This is not to say that the state has no role to play in redressing social ills, any more than the individual is not ultimately responsible for his or her own life. But it does mean a certain scepticism about the efficacy of state action. New Labour is said to have created over 600 new criminal offences, and passed a new law for every day it has been in office. By contrast, David Cameron emphasises exhortation rather than instruction. He often quotes Edmund Burke's dictum that politicians "ought to know… what belongs to laws, and what manners alone can regulate." Laws are helpful insofar as they affect manners; they should not try to replace them. The state should not try to design, in TS Eliot's words, "systems so perfect that no one will need to be good." Cameron believes that politicians can play a role in the culture—not by extending the remit of government, but by leading the debate. Politicians can meddle with fraternity only if they do so on the basis of liberty.

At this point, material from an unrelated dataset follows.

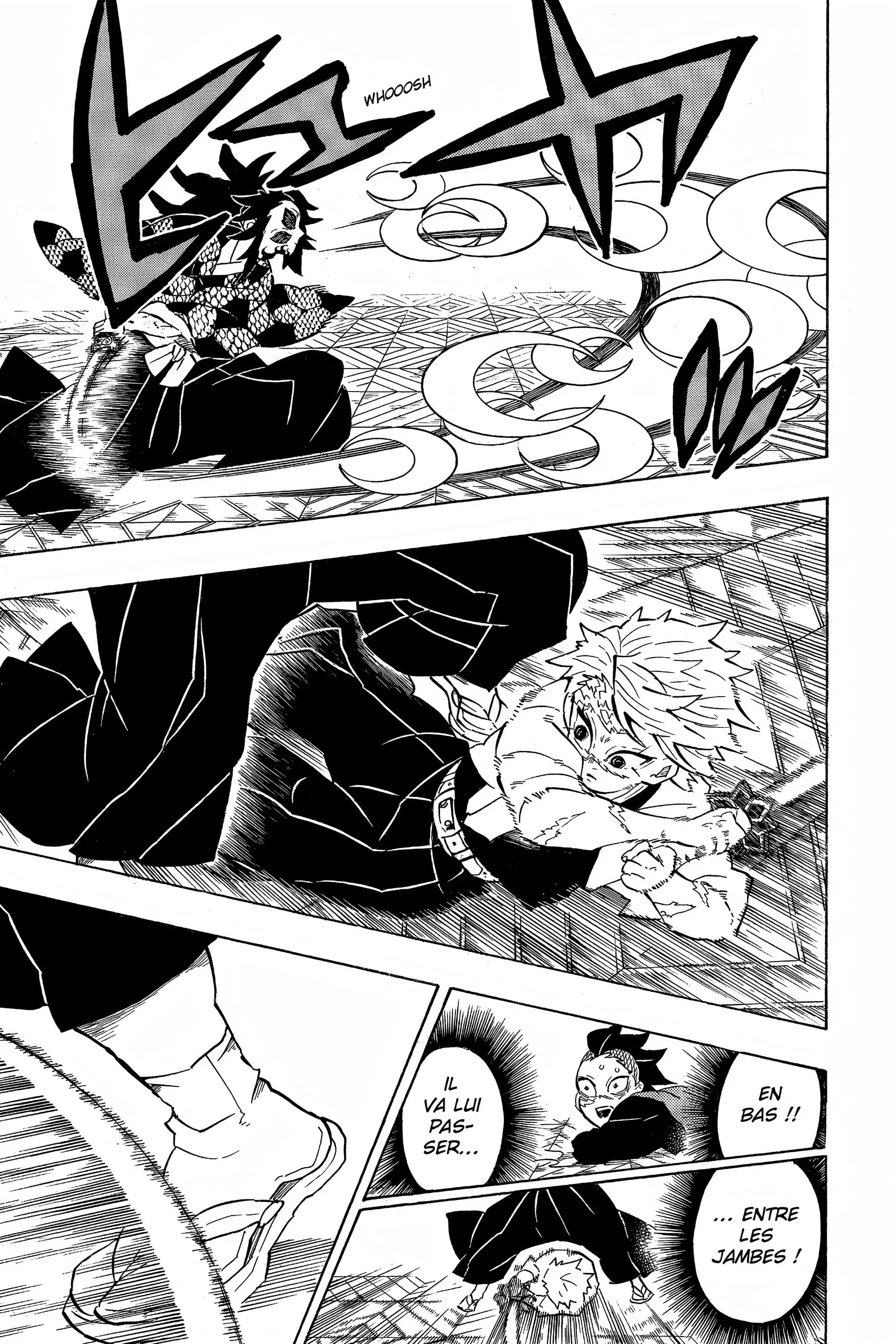 Read Demon Slayer FR Manga Online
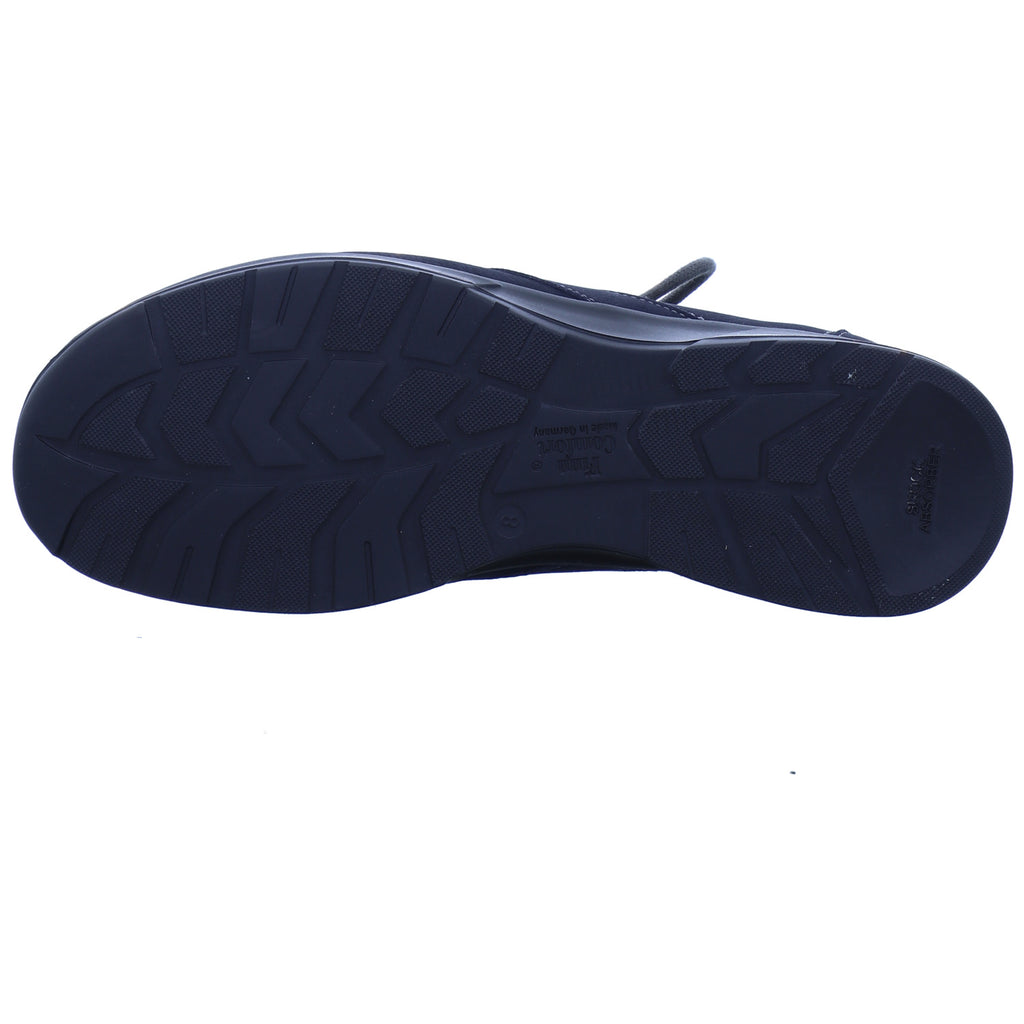 Finn Comfort Torrance blau – Sohle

Since he became leader, Cameron has been striving, with dogged persistence, to drum a handful of catchphrases into the public mind. The most important are "trusting people" and "we're all in this together." "Trusting people" refers to liberty—individuals should be trusted to make their decisions for their lives. And "we're all in this together" refers to fraternity, to the sphere of belonging.
Of course, "trusting people" is well known as a principle of Conservatism: the right stands for liberty. Therefore Cameron has also emphasised the shift he is making. His soundbite "there is a we as well as a me in politics" represents the move from liberty to fraternity, from one to some. Finally, "there is such a thing as society, it's just not the same thing as the state" explains that fraternity should not be confused with equality.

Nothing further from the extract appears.